DATA FOR REVIEW:

* * * * * * *

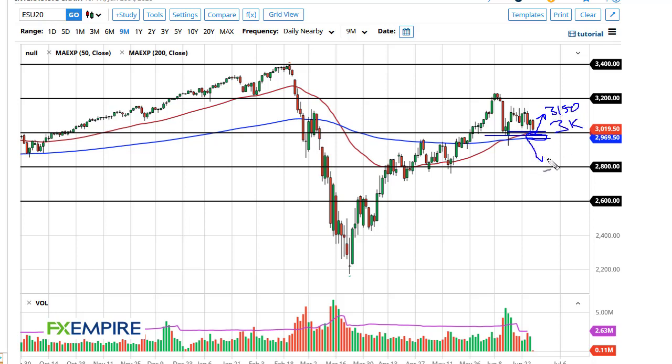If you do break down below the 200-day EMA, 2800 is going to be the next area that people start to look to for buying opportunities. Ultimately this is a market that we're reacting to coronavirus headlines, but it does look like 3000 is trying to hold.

* * * * * * *

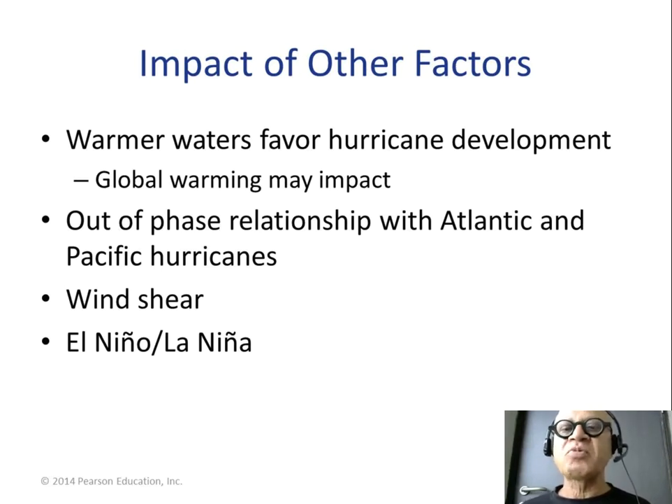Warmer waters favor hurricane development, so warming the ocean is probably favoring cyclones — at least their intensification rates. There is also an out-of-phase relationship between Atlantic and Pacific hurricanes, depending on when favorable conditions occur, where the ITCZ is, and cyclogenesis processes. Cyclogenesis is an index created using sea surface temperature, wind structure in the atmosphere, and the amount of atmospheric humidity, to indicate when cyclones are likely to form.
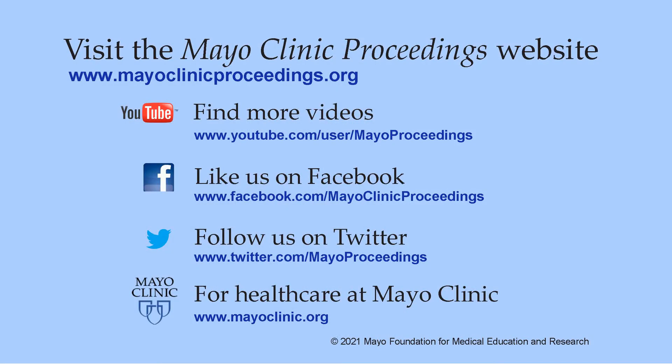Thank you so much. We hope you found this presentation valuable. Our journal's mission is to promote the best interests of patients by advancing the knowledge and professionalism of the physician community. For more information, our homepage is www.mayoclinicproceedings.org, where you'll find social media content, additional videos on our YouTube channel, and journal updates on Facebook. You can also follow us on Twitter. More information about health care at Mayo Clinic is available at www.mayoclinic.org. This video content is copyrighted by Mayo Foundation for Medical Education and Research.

* * * * * * *

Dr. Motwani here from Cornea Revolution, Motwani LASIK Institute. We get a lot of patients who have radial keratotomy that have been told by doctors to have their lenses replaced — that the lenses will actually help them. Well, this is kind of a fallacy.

* * * * * * *

TASK ITEM: Take only the lines above from the one that has "Warmer waters favor" through the one that has "Thank you so" and reproduce them exactly, omitting any pictures.

EXERCISE OUTPUT:
Warmer waters favor hurricane development, so warming the ocean is probably favoring cyclones — at least their intensification rates. There is also an out-of-phase relationship between Atlantic and Pacific hurricanes, depending on when favorable conditions occur, where the ITCZ is, and cyclogenesis processes. Cyclogenesis is an index created using sea surface temperature, wind structure in the atmosphere, and the amount of atmospheric humidity, to indicate when cyclones are likely to form.
Thank you so much. We hope you found this presentation valuable. Our journal's mission is to promote the best interests of patients by advancing the knowledge and professionalism of the physician community. For more information, our homepage is www.mayoclinicproceedings.org, where you'll find social media content, additional videos on our YouTube channel, and journal updates on Facebook. You can also follow us on Twitter. More information about health care at Mayo Clinic is available at www.mayoclinic.org. This video content is copyrighted by Mayo Foundation for Medical Education and Research.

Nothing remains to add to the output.